Work request: In the records that follow, the lines from the one containing "Homestay Tebrau City Aeon Johor Bahru" to the one containing "2025 Can-Am MAVERICK", inclusive, are to be given again exactly.

Scraped caption text data:
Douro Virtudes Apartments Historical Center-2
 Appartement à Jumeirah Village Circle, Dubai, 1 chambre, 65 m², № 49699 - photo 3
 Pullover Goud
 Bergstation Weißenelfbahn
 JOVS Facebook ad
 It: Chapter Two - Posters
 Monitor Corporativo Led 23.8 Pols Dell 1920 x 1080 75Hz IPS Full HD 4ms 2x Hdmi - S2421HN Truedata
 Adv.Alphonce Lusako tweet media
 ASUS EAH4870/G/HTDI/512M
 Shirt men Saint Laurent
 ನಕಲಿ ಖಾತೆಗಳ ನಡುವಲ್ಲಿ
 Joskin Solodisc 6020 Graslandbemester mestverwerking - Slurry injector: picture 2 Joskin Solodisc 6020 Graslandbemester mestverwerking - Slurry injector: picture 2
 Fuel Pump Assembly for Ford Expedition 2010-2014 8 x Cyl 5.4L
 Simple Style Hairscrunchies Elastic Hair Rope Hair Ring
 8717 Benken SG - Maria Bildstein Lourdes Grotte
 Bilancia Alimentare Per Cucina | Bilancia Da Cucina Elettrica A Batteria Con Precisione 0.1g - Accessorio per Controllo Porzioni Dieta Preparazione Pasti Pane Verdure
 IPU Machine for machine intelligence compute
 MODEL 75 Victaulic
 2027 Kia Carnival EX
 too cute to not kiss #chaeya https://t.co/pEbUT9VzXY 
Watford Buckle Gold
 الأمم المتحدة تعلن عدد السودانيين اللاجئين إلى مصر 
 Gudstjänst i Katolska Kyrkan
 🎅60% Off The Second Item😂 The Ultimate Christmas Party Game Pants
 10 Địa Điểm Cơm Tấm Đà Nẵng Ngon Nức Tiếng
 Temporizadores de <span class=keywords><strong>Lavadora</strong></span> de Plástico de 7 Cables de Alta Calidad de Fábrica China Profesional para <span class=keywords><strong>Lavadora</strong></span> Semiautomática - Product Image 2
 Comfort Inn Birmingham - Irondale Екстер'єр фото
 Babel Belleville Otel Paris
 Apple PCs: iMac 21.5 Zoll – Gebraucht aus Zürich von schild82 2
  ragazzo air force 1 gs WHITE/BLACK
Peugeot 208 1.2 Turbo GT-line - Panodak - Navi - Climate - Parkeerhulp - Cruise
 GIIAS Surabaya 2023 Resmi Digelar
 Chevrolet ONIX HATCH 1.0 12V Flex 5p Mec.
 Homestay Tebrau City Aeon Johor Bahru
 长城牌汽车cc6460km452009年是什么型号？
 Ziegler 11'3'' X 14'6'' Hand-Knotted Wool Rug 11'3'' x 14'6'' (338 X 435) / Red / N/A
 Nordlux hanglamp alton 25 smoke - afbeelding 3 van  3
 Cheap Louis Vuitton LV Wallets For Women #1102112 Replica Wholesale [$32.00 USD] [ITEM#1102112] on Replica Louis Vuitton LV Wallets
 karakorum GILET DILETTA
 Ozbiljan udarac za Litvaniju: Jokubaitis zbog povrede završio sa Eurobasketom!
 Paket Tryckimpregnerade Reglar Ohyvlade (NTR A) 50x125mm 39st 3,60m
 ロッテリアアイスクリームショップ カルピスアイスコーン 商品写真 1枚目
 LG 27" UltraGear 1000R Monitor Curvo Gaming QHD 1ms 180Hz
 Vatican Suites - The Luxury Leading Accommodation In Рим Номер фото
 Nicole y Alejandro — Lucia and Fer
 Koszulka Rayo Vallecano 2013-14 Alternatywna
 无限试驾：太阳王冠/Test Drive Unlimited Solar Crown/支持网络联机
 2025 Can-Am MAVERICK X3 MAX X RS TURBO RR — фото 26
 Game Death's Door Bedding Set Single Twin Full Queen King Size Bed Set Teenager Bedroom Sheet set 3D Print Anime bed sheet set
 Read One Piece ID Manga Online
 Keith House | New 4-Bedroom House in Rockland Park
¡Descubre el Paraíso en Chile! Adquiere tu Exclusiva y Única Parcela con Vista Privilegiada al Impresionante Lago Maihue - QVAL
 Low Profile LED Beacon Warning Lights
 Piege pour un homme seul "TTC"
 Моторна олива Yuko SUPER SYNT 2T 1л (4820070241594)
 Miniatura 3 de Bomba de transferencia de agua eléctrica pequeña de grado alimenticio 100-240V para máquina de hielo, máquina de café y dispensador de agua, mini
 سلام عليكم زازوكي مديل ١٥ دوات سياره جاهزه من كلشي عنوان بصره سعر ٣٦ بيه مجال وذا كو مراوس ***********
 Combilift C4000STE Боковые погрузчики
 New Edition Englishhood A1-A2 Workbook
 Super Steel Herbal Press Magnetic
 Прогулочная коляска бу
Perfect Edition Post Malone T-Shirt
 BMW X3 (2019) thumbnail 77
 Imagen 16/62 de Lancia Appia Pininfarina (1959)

Reply to the exercise:
 Homestay Tebrau City Aeon Johor Bahru
 长城牌汽车cc6460km452009年是什么型号？
 Ziegler 11'3'' X 14'6'' Hand-Knotted Wool Rug 11'3'' x 14'6'' (338 X 435) / Red / N/A
 Nordlux hanglamp alton 25 smoke - afbeelding 3 van  3
 Cheap Louis Vuitton LV Wallets For Women #1102112 Replica Wholesale [$32.00 USD] [ITEM#1102112] on Replica Louis Vuitton LV Wallets
 karakorum GILET DILETTA
 Ozbiljan udarac za Litvaniju: Jokubaitis zbog povrede završio sa Eurobasketom!
 Paket Tryckimpregnerade Reglar Ohyvlade (NTR A) 50x125mm 39st 3,60m
 ロッテリアアイスクリームショップ カルピスアイスコーン 商品写真 1枚目
 LG 27" UltraGear 1000R Monitor Curvo Gaming QHD 1ms 180Hz
 Vatican Suites - The Luxury Leading Accommodation In Рим Номер фото
 Nicole y Alejandro — Lucia and Fer
 Koszulka Rayo Vallecano 2013-14 Alternatywna
 无限试驾：太阳王冠/Test Drive Unlimited Solar Crown/支持网络联机
 2025 Can-Am MAVERICK X3 MAX X RS TURBO RR — фото 26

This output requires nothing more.